Most of the immigrant Jews could not tell the difference between American Orthodox, Conservative or Reformed synagogues, and Cohen’s deep knowledge of the Jewish prayers, culture and traditions turned the mission center into a regular gathering place for Jews on the Sabbath and holidays. His sermons sounded like the rabbinic teachers back in the old country, but also included portions devoted to faith in Jesus. Instead of instructing the congregation to become Christians and abandon their Judaism, Cohen taught that faith in Jesus as Messiah can be a fulfillment of their Jewish identity.
Cohen published many evangelistic books in Yiddish, Hebrew and English, including the first translation of the New Testament into Yiddish published in the US.
While other missionaries saw the Jewish people as traitors to the God of the Bible and inferior to Christians, Cohen emphasized that they are God’s chosen people–thus the name of his mission. Cohen also influenced many of the Christian missions that only Jews who have come to believe in Jesus could be effective witnesses to the Jewish people. Yet the number of Jews who came to faith was still tiny in relation to the amount of resources and efforts that were invested.
Despite the Jewish resistance to his message, Cohen labored to protect the Jews from growing antisemitism in the US that was directed primarily toward the poor Jewish immigrants. He sent letters to education officials in the city pleading with them to remove antisemitic books from the schools curriculum. He also reminded the Christian churches that they have a debt toward the Jewish people, who should be honored as the “Elder Brother.”
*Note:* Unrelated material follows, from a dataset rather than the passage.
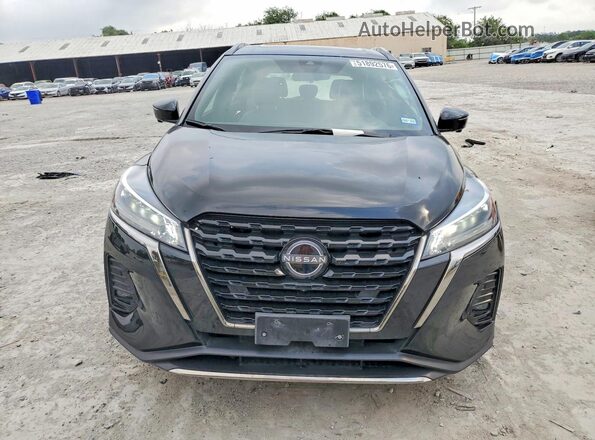 3N1CP5DVXRL499596 2024 NISSAN KICKS Black Front view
Cohen was an avid supporter and sent money to further the causes of Zionism, seeing the return of the Jewish people to Israel as fulfillment of the Messianic redemption.
In 1930, Cohen was awarded an honorary doctorate from the Evangelical Wheaton College in Illinois in recognition of his ministry among the Jewish people. Cohen died in 1937. His son Joseph Cohen spread the mission to reach Jewish people with the Gospel to centers around the world. Today, 120 years after the mission began, there are Chosen People Ministries centers in 16 nations, including Israel, in Jerusalem and Tel Aviv.